Definition of woolly in US English:


(US wooly)


  • 1Made of wool.

    ‘a red woolly hat’
    • ‘On his feet he was wearing some sturdy walking boots and a few pairs of woolly socks.’
    • ‘Someone had also covered her in warm woolly blankets, effectively keeping out the night's chill.’
    • ‘Like, that members of republican groups tend not to hang around in gangs on balconies wearing dark woolly jumpers and darker expressions.’
    • ‘Her worn out old woolly overcoat finished off her appearance, thus she wasn't that surprised when a primly dressed young couple quickly averted their eyes from her as she crossed their front gate.’

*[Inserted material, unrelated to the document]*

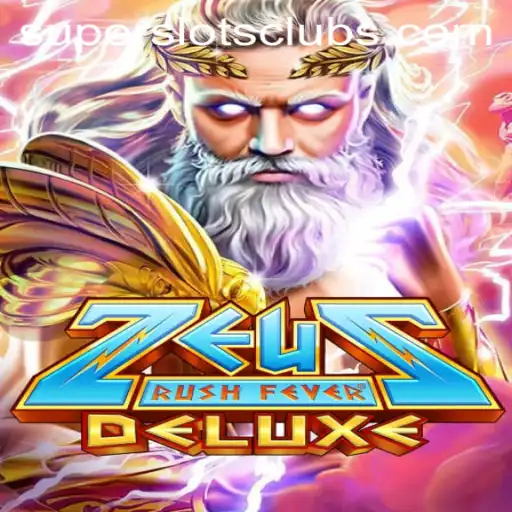 ZeusRushFeverDeluxe: The New Craze in Super Slots Gaming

    • ‘I wore my big, thick woolly tramping socks to work the other day.’
    • ‘It looked like a disgruntled teenage jellyfish forced to wear a woolly hat knitted by an overprotective mother.’

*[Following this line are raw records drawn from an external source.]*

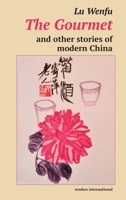 The Gourmet and Other Stories of Modern China 0930523385 Book Cover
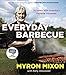 Everyday Barbecue: At Home with America's Favorite Pitmaster: A Cookbook by Myron Mixon, Kelly Alexander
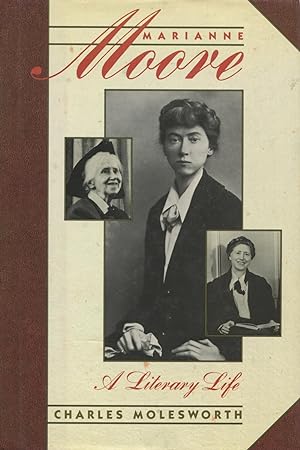 Seller image for Marianne Moore: A Literary Life for sale by Kenneth A. Himber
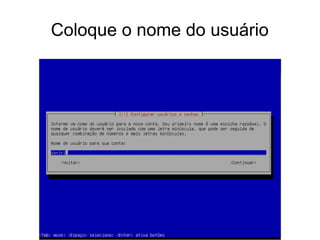 Coloque o nome do usuário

    • ‘He had a black woolly hat and wore a khaki jacket with red scarf and gloves.’
    • ‘Only by donning a woolly cap did he draw a parallel to his best-known character, the anti-corporate vagrant Hutch Owen.’
    • ‘Her face was still covered by the old woolly hood.’
    • ‘I like to scrape the car, get the waterproofs and woolly hat on.’
    • ‘"We are all wearing big woolly jumpers, so not many customers have noticed.’
    • ‘But I need a hottie and a pair of woolly socks.’
    • ‘The word soon spread, and woolly tights became something of a must-have cult item with all us children on the mountain.’
    • ‘He was wearing his official white and black club tracksuit and trademark woolly hat.’
    • ‘I tucked my hair into a black woolly cap and went without my usual brightly coloured eye make-up so I'd have a nice clear base to work with.’
    • ‘Leave the thermals at home, forget the woolly hat and the three pairs of socks, and instead, don stylish sunglasses and a shirt.’
    • ‘Mike put on the new bulky coat he'd gotten for Christmas, and the cap with woolly flaps that covered his ears.’
    • ‘Tried to get a pint at lunchtime only to find the entire bar stuffed with weirdo Liberals wearing kaftans and woolly sweaters, who had come all the way up from Cornwall to spend a week on a lost cause.’
    • ‘The suspect is described as white, 5ft 11 in, of stocky build, and wearing a woolly hat, denim jacket, a white T-shirt and dark jeans.’
    • ‘The suspects are described as white males with woolly hats and dark clothing.’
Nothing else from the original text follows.